| Activity |
Which lines of the entries below run from the one holding "air force leather" to the one holding "Parasollfot sand/vann 16", inclusive? Set down exactly those lines and no others.

Stored items
»»

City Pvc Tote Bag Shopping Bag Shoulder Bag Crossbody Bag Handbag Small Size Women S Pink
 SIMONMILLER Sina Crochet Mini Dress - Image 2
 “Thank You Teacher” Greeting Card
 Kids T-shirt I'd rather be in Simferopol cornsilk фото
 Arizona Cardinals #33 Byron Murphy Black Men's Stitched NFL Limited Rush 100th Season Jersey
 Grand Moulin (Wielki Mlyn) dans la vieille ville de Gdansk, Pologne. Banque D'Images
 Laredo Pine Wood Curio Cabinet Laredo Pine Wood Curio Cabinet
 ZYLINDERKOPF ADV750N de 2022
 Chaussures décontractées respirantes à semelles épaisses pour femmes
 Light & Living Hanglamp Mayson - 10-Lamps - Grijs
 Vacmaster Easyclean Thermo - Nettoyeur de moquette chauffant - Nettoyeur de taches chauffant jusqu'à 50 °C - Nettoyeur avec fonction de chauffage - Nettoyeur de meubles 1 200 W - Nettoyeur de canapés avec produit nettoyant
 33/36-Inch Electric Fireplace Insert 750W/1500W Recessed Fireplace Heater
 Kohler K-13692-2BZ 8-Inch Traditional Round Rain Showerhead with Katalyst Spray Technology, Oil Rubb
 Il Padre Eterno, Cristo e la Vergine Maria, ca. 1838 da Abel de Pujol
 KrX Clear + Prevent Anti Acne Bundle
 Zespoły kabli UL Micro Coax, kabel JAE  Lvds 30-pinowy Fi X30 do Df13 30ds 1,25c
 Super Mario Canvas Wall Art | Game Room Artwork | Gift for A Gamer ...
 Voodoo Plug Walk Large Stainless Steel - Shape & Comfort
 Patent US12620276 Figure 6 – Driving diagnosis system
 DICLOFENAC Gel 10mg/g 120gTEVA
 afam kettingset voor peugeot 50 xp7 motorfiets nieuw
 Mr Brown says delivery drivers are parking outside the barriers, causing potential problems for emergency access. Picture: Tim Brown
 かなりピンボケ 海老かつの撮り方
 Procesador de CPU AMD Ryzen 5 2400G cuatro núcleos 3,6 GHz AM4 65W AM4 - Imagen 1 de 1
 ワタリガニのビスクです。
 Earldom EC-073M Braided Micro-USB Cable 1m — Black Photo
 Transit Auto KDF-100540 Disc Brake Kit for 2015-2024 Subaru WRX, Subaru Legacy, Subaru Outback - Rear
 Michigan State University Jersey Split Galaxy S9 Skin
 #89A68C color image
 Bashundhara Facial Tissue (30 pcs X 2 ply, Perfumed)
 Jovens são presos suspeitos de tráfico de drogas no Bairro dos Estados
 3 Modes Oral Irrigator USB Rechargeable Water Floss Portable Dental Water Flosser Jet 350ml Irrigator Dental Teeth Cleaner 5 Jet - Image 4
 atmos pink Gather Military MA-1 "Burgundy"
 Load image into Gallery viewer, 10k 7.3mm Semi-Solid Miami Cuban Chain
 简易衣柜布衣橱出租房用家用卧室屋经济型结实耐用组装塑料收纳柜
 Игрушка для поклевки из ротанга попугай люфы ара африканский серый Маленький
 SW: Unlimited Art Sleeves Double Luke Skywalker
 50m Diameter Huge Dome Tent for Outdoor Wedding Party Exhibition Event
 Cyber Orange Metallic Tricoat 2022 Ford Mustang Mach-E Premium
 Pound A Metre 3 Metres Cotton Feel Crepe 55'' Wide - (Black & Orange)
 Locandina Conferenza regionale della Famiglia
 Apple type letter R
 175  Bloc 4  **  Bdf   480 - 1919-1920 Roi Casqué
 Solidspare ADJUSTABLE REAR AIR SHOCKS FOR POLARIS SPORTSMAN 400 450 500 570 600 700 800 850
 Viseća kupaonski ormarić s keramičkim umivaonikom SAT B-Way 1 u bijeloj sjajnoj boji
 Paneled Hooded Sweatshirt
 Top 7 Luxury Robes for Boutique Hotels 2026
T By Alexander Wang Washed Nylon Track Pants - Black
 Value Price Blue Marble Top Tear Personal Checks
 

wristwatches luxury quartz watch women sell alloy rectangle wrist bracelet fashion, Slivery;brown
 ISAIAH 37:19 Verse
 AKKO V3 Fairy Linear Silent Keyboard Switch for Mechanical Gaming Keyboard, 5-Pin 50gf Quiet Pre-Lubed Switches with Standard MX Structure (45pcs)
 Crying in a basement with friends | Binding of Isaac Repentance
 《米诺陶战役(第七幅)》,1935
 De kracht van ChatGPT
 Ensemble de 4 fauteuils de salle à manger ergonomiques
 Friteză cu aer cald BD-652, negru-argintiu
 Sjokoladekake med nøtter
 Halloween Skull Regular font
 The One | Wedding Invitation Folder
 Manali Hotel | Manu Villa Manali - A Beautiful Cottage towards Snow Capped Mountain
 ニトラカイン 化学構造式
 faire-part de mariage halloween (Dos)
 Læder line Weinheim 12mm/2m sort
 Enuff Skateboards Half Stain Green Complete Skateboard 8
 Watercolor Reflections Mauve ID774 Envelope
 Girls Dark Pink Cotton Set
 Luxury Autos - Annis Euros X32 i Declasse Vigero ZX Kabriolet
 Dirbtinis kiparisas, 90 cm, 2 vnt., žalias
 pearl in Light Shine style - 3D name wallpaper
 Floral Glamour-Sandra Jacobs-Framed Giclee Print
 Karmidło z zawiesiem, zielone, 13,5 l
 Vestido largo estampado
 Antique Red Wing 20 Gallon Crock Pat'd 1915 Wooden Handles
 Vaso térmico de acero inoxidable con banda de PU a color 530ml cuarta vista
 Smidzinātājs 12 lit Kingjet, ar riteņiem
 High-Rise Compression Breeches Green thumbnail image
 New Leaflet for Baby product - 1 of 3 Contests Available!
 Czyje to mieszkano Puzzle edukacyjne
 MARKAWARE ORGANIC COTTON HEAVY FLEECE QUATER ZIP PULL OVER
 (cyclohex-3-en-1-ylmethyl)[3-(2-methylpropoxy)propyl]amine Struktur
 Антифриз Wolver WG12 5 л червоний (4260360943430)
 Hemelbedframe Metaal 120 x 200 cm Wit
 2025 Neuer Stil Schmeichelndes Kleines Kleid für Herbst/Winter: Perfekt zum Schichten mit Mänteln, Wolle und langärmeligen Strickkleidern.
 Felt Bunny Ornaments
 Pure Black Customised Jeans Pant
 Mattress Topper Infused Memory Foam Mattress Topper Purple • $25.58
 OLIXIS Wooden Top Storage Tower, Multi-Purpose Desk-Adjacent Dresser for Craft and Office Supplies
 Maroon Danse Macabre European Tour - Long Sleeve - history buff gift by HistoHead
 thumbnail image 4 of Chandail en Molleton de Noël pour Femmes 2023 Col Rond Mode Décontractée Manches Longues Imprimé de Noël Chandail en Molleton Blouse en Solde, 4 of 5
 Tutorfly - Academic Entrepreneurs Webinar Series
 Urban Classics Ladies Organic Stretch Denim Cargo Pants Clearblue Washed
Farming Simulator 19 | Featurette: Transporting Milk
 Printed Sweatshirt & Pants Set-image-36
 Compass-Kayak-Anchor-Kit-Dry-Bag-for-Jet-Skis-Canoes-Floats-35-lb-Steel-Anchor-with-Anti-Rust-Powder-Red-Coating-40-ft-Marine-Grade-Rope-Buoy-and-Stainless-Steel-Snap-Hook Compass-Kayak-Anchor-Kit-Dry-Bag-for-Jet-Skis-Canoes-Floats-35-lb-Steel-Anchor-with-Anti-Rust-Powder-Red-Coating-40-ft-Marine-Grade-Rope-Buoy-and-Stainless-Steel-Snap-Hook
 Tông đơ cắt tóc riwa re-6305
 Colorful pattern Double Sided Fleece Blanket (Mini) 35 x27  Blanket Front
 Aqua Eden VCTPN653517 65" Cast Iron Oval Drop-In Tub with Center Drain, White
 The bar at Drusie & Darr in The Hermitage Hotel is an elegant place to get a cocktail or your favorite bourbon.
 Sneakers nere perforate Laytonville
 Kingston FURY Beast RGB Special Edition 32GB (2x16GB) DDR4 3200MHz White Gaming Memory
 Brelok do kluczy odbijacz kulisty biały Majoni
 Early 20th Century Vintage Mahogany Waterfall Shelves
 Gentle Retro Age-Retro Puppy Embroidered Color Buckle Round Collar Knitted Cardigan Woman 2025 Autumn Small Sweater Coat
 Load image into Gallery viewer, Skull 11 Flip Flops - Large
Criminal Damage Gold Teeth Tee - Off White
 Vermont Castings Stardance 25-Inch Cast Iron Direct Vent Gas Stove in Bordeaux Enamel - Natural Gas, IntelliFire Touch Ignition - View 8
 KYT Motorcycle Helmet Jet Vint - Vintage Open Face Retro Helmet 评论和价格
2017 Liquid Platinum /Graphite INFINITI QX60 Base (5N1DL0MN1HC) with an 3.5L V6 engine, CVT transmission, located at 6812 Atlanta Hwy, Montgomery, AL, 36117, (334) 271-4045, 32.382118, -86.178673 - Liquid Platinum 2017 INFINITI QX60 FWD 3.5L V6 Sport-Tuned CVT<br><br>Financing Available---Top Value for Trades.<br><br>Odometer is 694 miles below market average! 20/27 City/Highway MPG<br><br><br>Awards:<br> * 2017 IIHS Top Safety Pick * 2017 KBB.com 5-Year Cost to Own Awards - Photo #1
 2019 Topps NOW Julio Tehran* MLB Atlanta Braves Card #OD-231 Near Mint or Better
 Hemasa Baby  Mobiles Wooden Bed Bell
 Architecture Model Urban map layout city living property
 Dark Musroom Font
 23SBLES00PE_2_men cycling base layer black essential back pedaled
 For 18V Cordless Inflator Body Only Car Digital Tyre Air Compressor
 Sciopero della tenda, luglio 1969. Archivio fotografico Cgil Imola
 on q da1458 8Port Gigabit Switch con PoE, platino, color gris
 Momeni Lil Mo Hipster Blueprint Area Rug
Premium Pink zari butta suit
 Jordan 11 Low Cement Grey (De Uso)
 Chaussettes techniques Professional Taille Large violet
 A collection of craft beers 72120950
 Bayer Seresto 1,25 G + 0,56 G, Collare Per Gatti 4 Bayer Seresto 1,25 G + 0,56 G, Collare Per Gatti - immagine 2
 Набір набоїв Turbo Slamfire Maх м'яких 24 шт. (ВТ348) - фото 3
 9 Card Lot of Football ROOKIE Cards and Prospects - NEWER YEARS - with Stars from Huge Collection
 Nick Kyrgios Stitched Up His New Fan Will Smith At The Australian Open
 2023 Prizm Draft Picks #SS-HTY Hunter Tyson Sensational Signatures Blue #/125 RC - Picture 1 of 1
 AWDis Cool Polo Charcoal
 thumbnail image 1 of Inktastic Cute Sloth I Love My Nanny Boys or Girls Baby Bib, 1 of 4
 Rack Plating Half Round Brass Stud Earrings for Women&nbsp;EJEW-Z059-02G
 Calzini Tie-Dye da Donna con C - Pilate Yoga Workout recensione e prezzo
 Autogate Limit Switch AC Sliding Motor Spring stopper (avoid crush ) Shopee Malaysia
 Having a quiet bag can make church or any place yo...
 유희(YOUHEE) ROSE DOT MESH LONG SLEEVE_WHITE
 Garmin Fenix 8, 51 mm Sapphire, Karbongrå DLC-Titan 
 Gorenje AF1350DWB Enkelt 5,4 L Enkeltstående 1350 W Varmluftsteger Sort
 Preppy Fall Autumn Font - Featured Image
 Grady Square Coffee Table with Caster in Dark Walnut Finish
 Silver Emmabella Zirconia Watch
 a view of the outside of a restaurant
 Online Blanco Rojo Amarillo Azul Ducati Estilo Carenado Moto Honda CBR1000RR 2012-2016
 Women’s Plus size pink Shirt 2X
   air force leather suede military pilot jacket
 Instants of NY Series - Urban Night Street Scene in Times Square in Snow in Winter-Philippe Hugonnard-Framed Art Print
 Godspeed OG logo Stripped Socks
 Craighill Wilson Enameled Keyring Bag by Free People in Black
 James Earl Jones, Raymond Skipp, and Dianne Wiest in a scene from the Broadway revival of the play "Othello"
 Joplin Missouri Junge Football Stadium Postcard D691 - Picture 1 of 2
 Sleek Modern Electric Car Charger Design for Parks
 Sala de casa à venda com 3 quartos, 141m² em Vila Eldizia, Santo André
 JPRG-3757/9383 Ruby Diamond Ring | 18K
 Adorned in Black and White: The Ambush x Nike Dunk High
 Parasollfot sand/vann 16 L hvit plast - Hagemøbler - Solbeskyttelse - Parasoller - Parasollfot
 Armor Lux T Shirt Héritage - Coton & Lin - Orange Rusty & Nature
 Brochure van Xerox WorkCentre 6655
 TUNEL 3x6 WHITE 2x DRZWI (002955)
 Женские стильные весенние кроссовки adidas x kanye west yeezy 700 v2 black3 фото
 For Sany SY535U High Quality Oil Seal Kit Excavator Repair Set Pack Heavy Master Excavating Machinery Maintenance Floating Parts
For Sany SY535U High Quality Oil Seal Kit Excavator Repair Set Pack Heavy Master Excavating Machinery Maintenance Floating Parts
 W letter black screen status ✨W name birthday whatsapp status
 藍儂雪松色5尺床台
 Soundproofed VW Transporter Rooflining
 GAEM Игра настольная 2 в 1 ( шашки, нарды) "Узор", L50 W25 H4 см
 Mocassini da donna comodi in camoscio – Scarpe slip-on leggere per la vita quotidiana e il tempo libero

««

| Response box |
   air force leather suede military pilot jacket
 Instants of NY Series - Urban Night Street Scene in Times Square in Snow in Winter-Philippe Hugonnard-Framed Art Print
 Godspeed OG logo Stripped Socks
 Craighill Wilson Enameled Keyring Bag by Free People in Black
 James Earl Jones, Raymond Skipp, and Dianne Wiest in a scene from the Broadway revival of the play "Othello"
 Joplin Missouri Junge Football Stadium Postcard D691 - Picture 1 of 2
 Sleek Modern Electric Car Charger Design for Parks
 Sala de casa à venda com 3 quartos, 141m² em Vila Eldizia, Santo André
 JPRG-3757/9383 Ruby Diamond Ring | 18K
 Adorned in Black and White: The Ambush x Nike Dunk High
 Parasollfot sand/vann 16 L hvit plast - Hagemøbler - Solbeskyttelse - Parasoller - Parasollfot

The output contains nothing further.